I don’t know how many I have because they are kept in three different places. The herd has never been gathered together. Yet. It’s one of the things that I look to arranging when I shift over the hill.

They are made of metal, and wood, and china. They are made of plastic, and glass. I have one that is clad in grey feathers. And I have two that are created from textiles … One was made by a disabled person in Thailand, Thai silk with a purple velvet cover. And the other?

Well, it was made from my favourite chair.

My late-lamented naybore was a weaver: she found my chair slightly disgusting, its 40-year-old woollen covering tatty and dirty.

She wove me a new one in similar blue and green shades. Then she dismantled the old cover, and installed the new — it was professionally done, and I loved it. We toasted its advent with a couple of drams, and then she said, “There’s something else.”

And handed it over.

It was tightly stuffed and stood steadily. Its trunk was proudly aloft.

“Never thought I’d spend an afternoon with my finger up an elephant’s bum,” said Maloney.

***

This isn’t strictly true.

In my late teens, I had a very odd dream.

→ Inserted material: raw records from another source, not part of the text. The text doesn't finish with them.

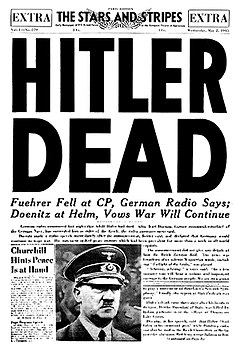 殺害・処刑される前に自ら「死」を選んだヒトラー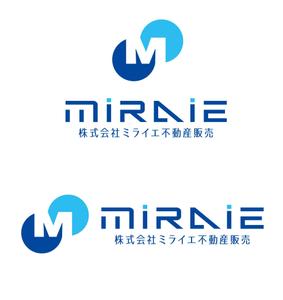 Force-Factory (coresoul)さんの不動産売買業者、株式会社ミライエ不動産販売、Miraie、のロゴへの提案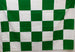 Bandiera a scacchi biancoverde Sport e tempo libero/Fan Shop/Patio prato e giardino/Bandiere per esterno Il Distintivo - Pesaro, Commerciovirtuoso.it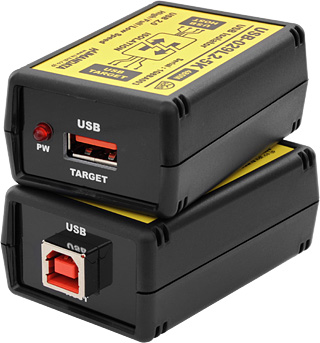 USB2.0アイソレータ（コンパクト・高耐圧絶縁）　USB-029L2-5K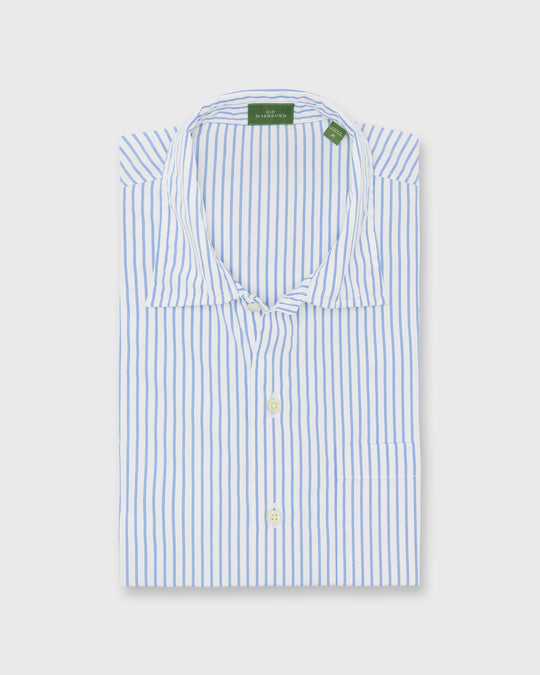 Ripley Shirt in Coastal Stripe Poplin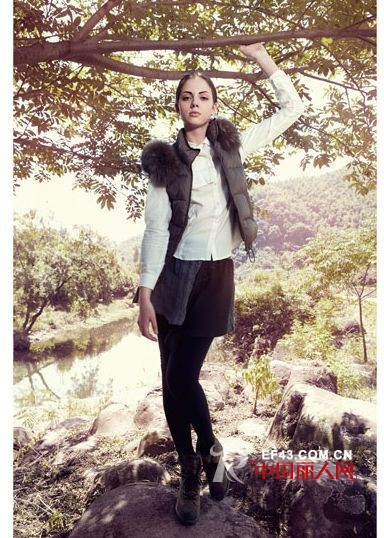 Mild Tree2012秋冬款 穿出文艺清新感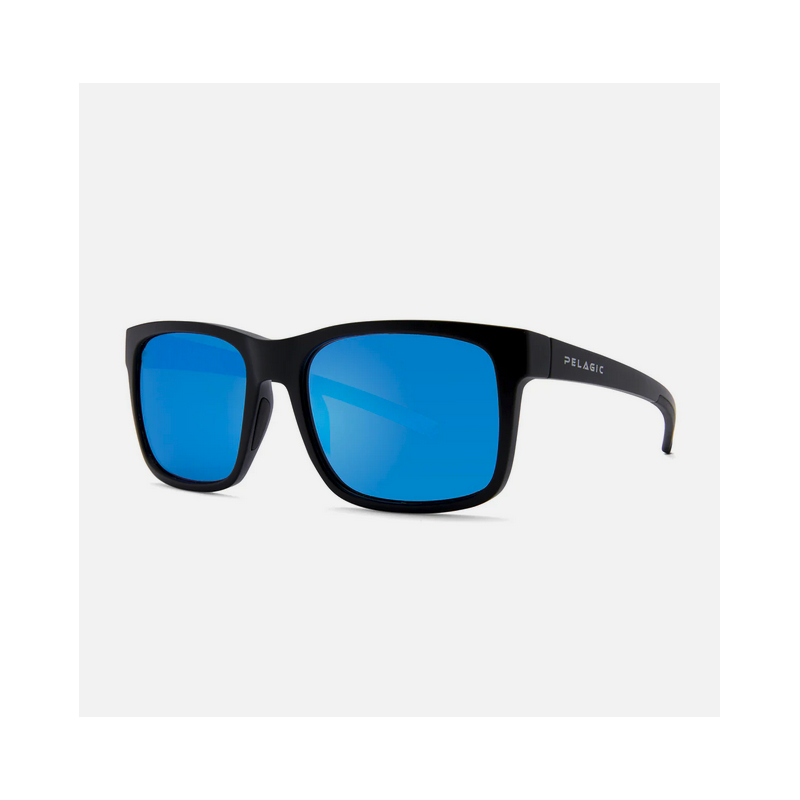 Verre minéral polarisé noir/bleu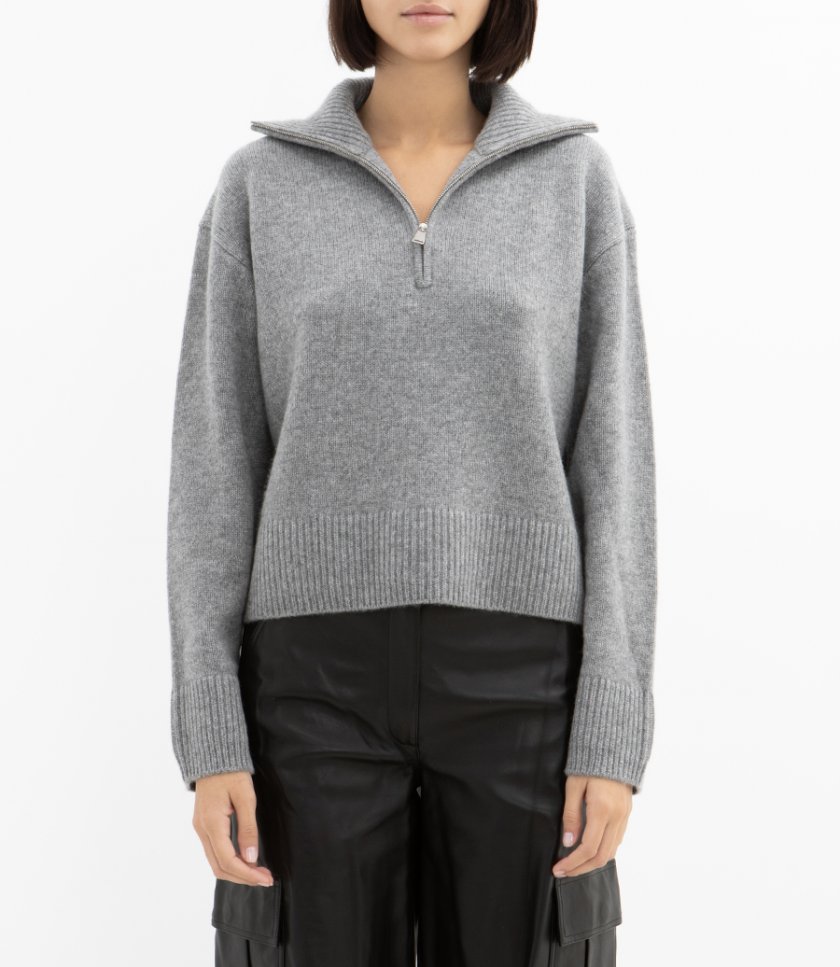 ANDES HALF ZIP PULLOVER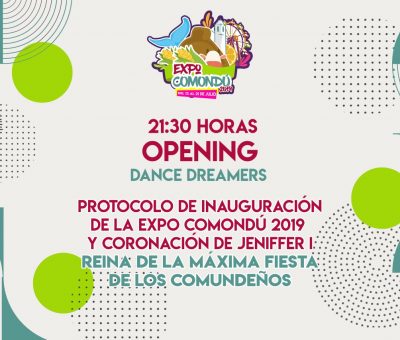 Hoy viernes Inauguración de la Expo Comondú 2019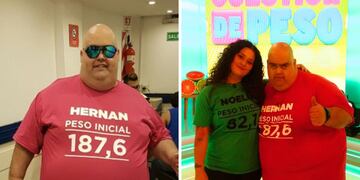 Murió Hernán Terranova, el recordado participante de Cuestión de Peso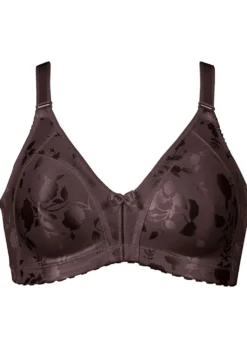 Naturana Minimizer-BH mit dezent glänzendem Floraldruck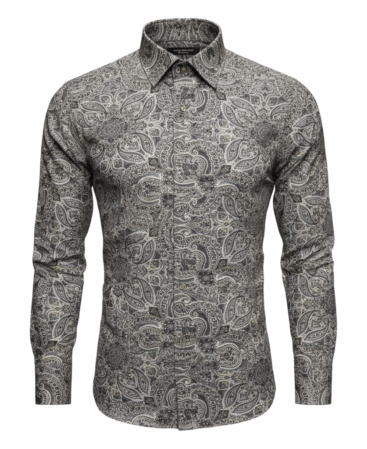 Exklusives Designer Hemd Paisley di Lusso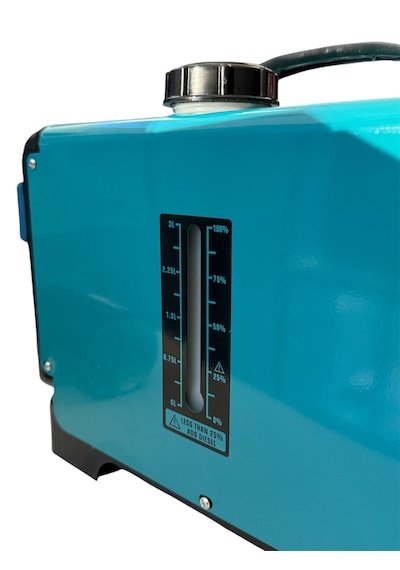 Webesten Taşınabilir Akülü Dizel Isıtıcı 12/24/220v Bluetooth'lu Serisi 02 Tv Sigortalı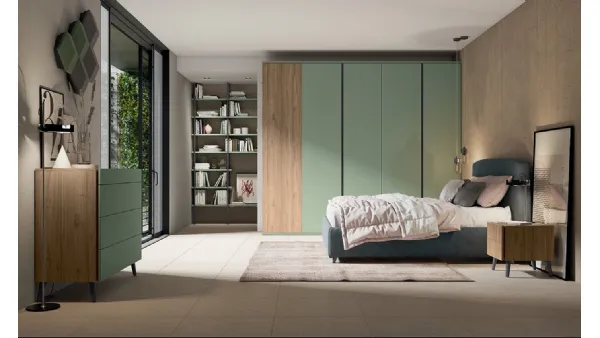 Letto Golf Narciso di Colombini Casa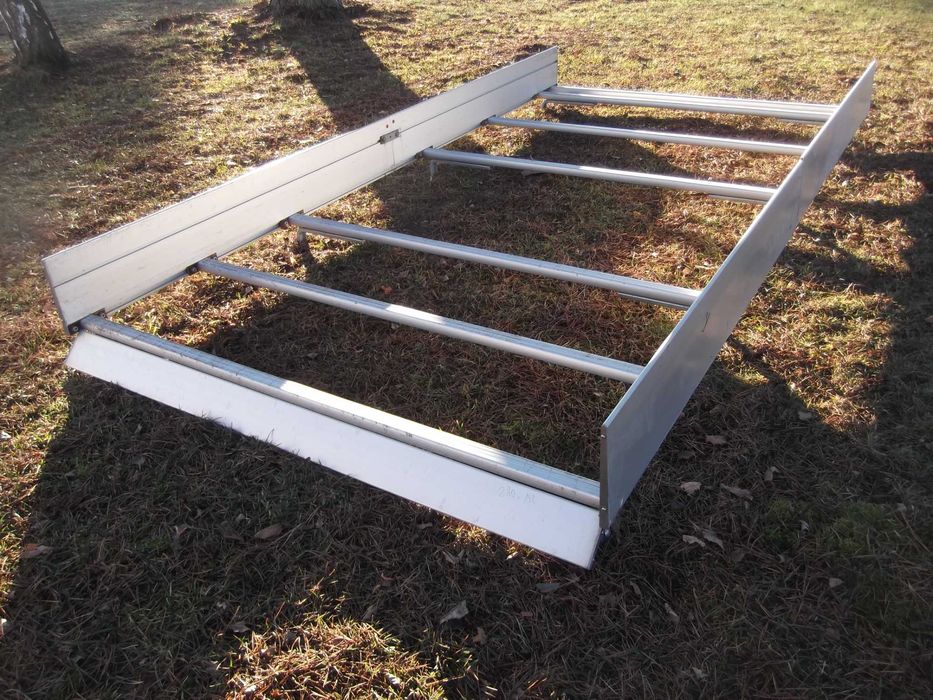 Bagażnik dachowy do busa platforma na dach aluminiowy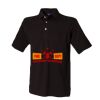 Henbury Classic Heavy Cotton Piqué Polo Shirt Thumbnail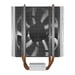 Savio SAVGCOFROSTX2 sistema de refrigeración de ordenador Caja PC Disipador térmico/Radiador 12 cm Negro 1 pieza(s)
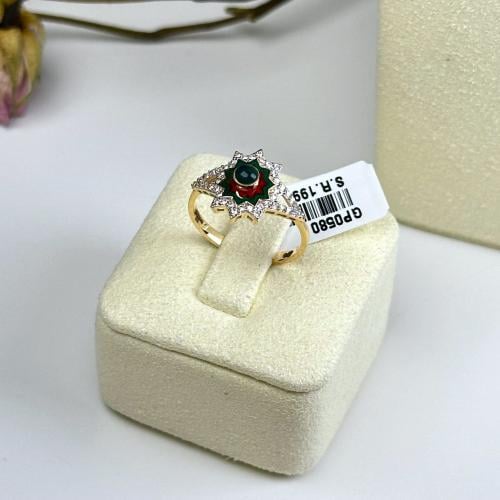 خاتم ذهب عيار18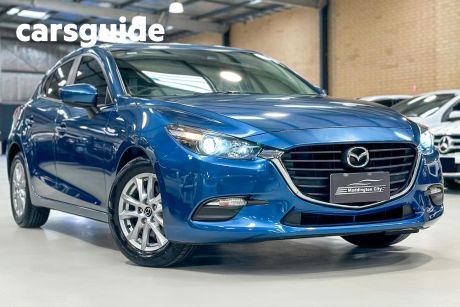Blue 2014 Mazda 6 Sedan Sport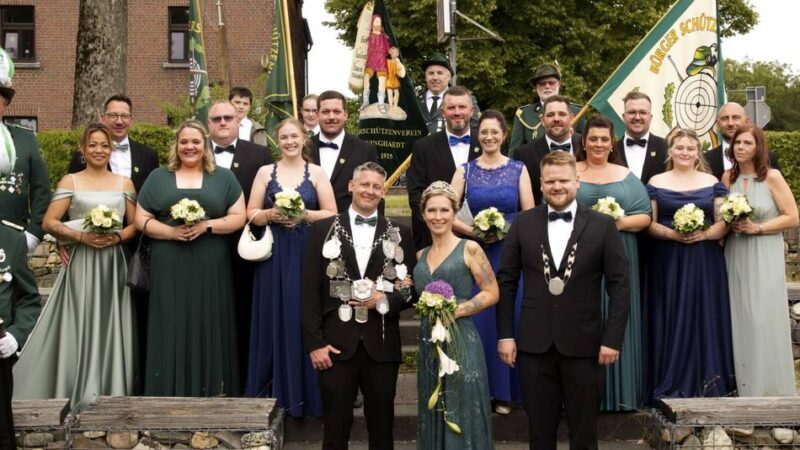 100 Jahre Bürgerschützen Bönninghardt: Das ist der neue Thron im Jubeljahr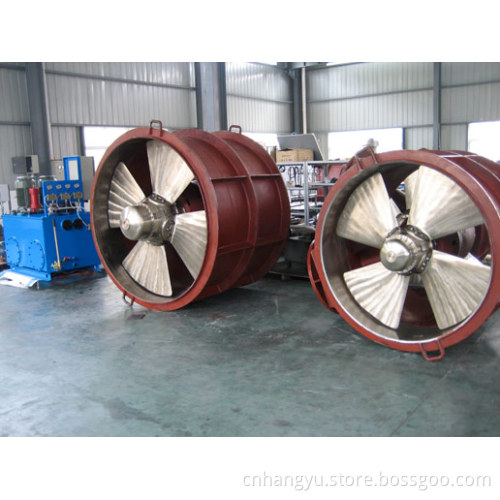 FPP & CPP Ship Side Power Thruster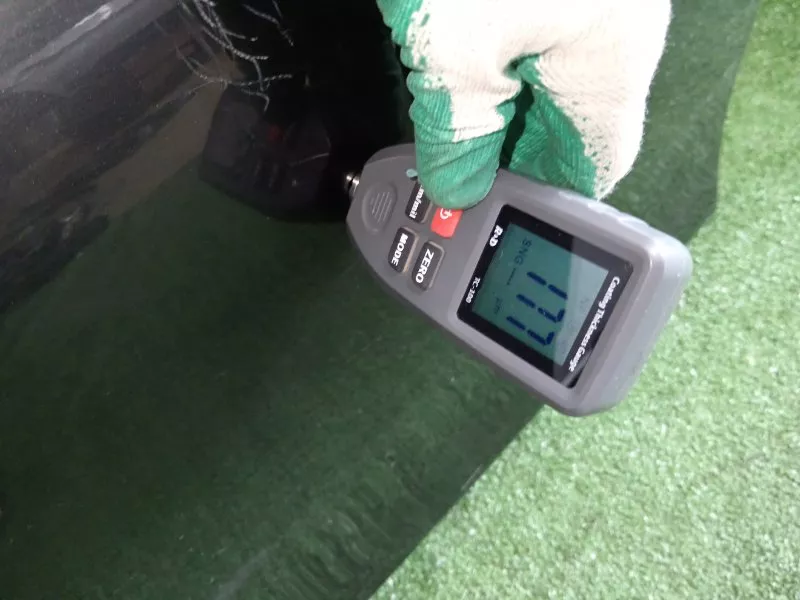 Дверь BMW 5-Series 2011 41007206114 F10, задняя правая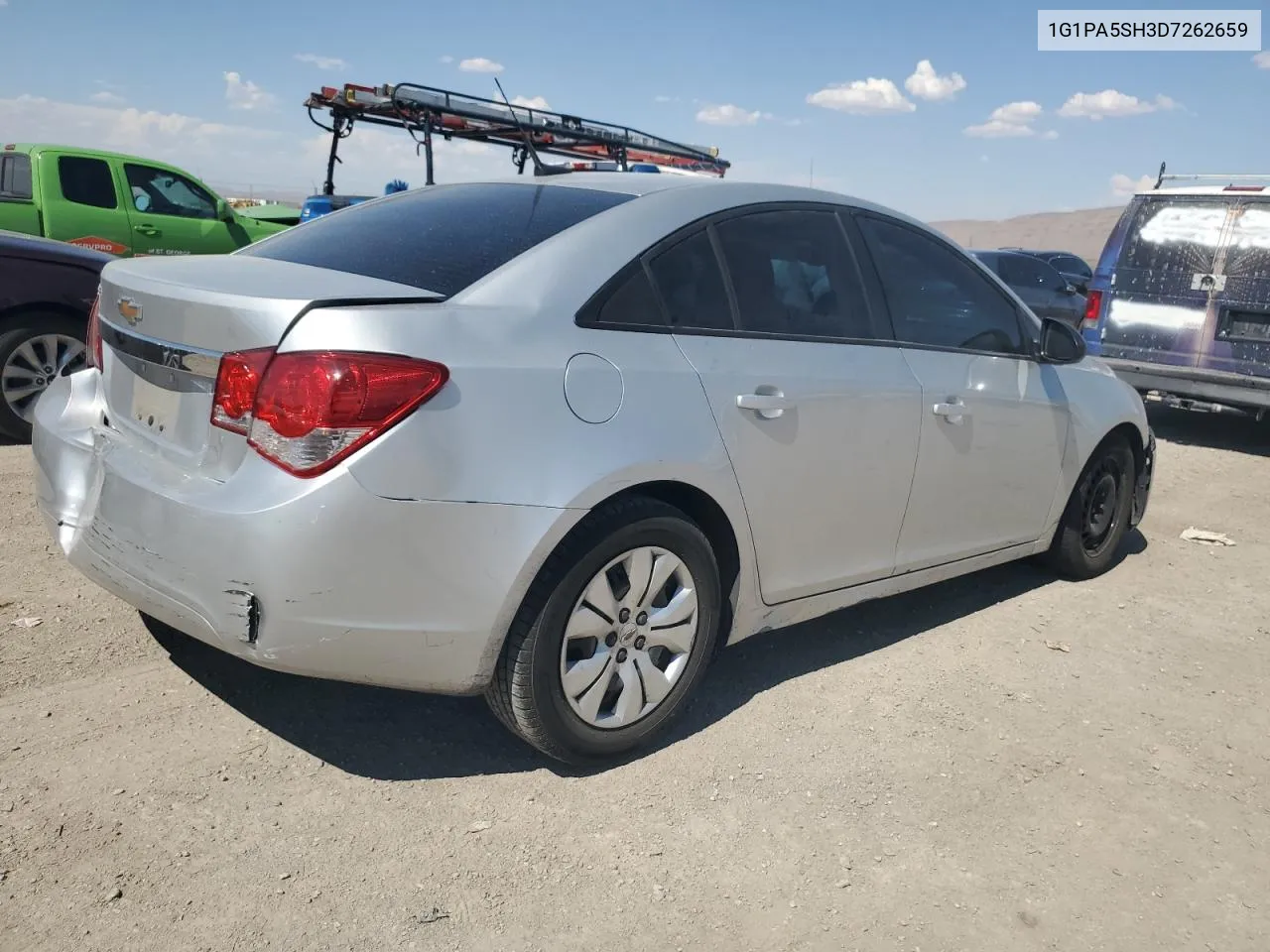 2013 Chevrolet Cruze Ls VIN: 1G1PA5SH3D7262659 Lot: 63489824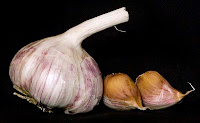 korean red garlic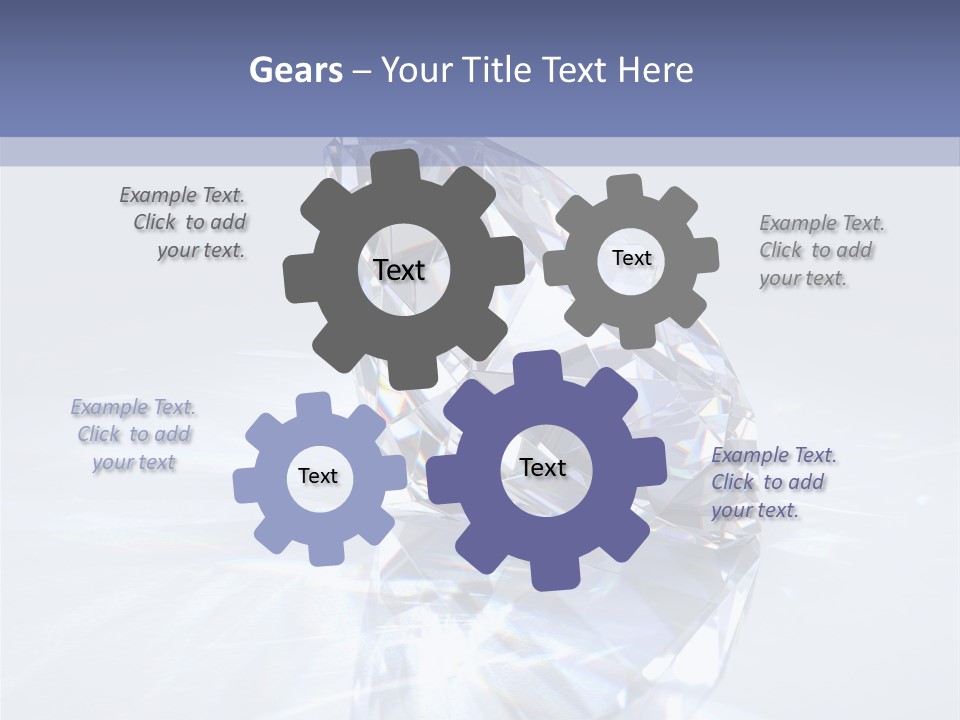 Green Nature Smile PowerPoint Template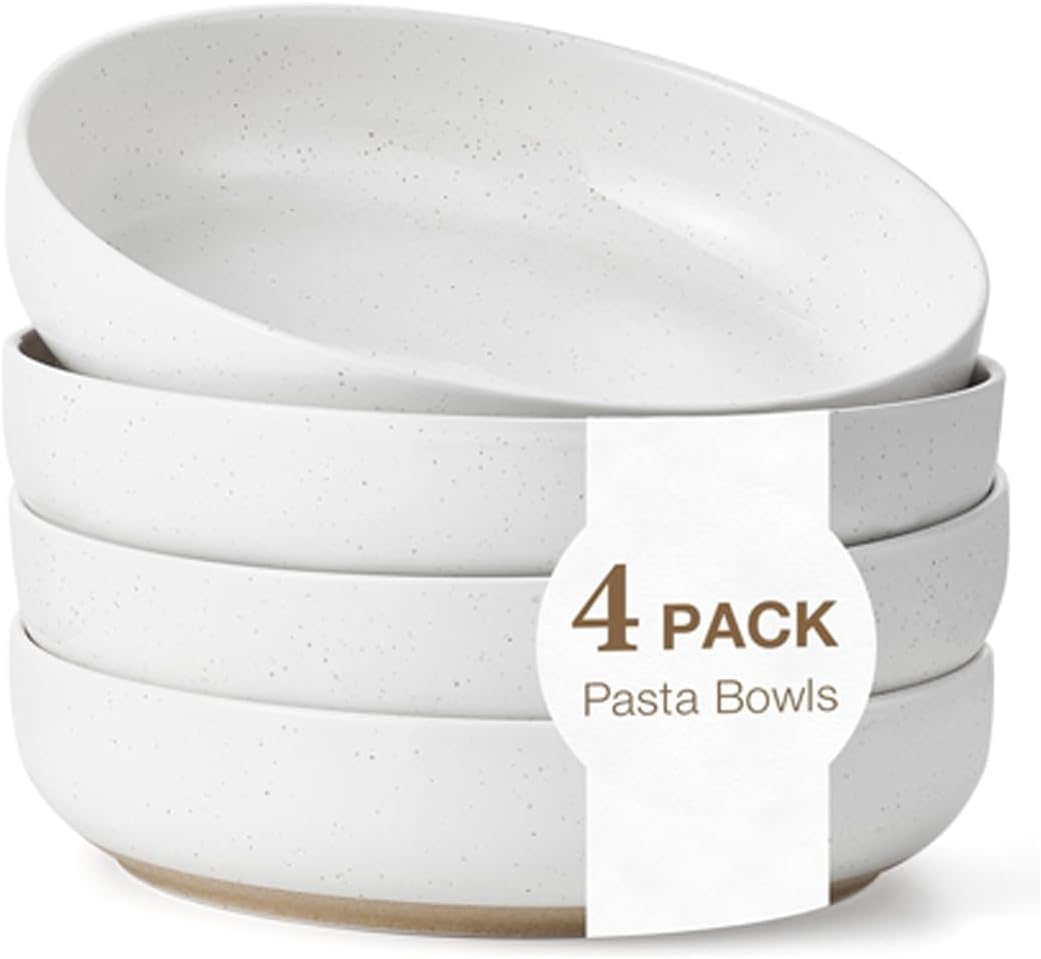 Gencywe 8.3 Pasta Bowls Set of 4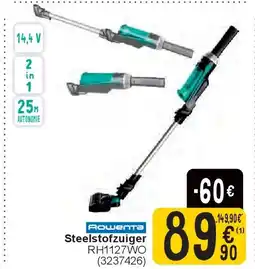 Cora Steelstofzuiger aanbieding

I was standing barefoot on a beach. It wasn’t a beach I knew at all. It wasn’t a New Zealand beach.

I was wearing some kind of well-tanned hide, kilt fashion, and a cape of soft thick fur.

I was watching an elephant. It was tiny, a bit over a metre tall. Must be a young calf, I remember thinking — but then I noticed the quite long and nearly straight tusks.

There the dream ended.

Two decades later, in New York, I met an archaeologist who said, when I asked what area he was excavating in, “Cyprus.”

“Sorry, I know nothing about it.”

“Fascinating place. D’y’know they had dwarf elephants there? And mammoths?”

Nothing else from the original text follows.